As unemployment forces more people to live paycheck to paycheck, the number of so called “payday” loans, have increased. While initially these may seem like a good short term option, these loans can often have very high interest rates and end up costing more than they are worth.
Payday Loans on the Rise in 2008
The number of payday loans that were taken out rose almost 55% in 2008, according to a story on payday lending by Agent Cities. These loans are called “payday” loans because they are usually small principle, short term loans that are used simply to get you through until payday. However, because they are used as emergency, often last minute supplement to income, many banks charge high interest rates and fees for this type of loan.
Caught in a Lending Cycle
If you can pay it off, this is fine, however many people who take out payday loans come across unexpected circumstance that make it impossible to repay their loan, and incur high interest and penalties. This requires them to take out another payday loan, creating a vicious lending cycle that is very difficult to escape, especially if you are unemployed and unsure of where your next paycheck is coming from.
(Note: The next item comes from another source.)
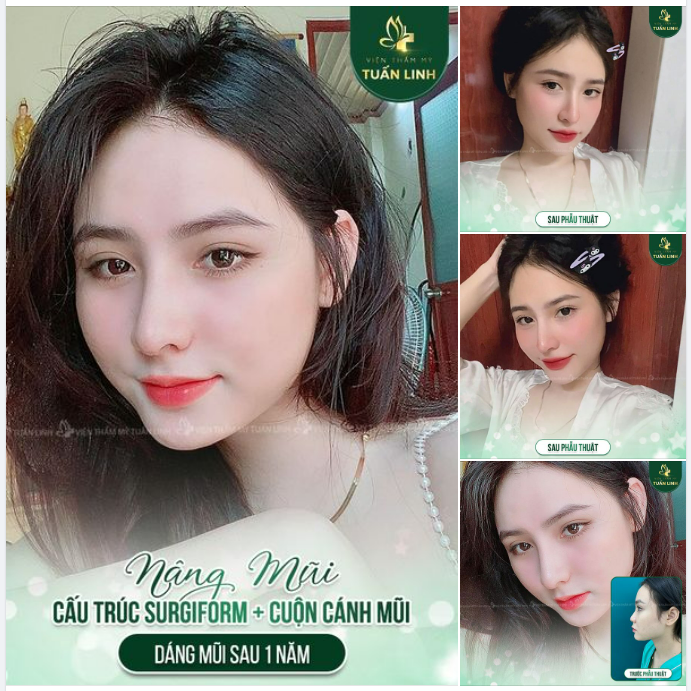 Không phải tự nhiên mà NÂNG MŨI TẠI TUẤN LINH lại được đông đảo anh chị em tin tưởng lựa chọn đến vậy. Dáng mũi luôn mang nét tự nhiên nhưng cũng rất sắc nét và đảm bảo hợp phong thủy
Alternative to Payday Loans
If you need some form of loan to hold you over until your next paycheck, you may want to consider some alternatives to the payday loan. If you have good enough credit, finding a low APR credit card can be a good way to make purchases while you wait for your paycheck. Even if you have to make a cash advance on your card, you will most likely only have an annual rate, not the monthly rate that is common with payday loans.
In addition, you could ask your friend, family, employer or even your bank for a small loan or pay advance. All of these alternative are likely to have better terms and fewer penalties than most payday loans out there.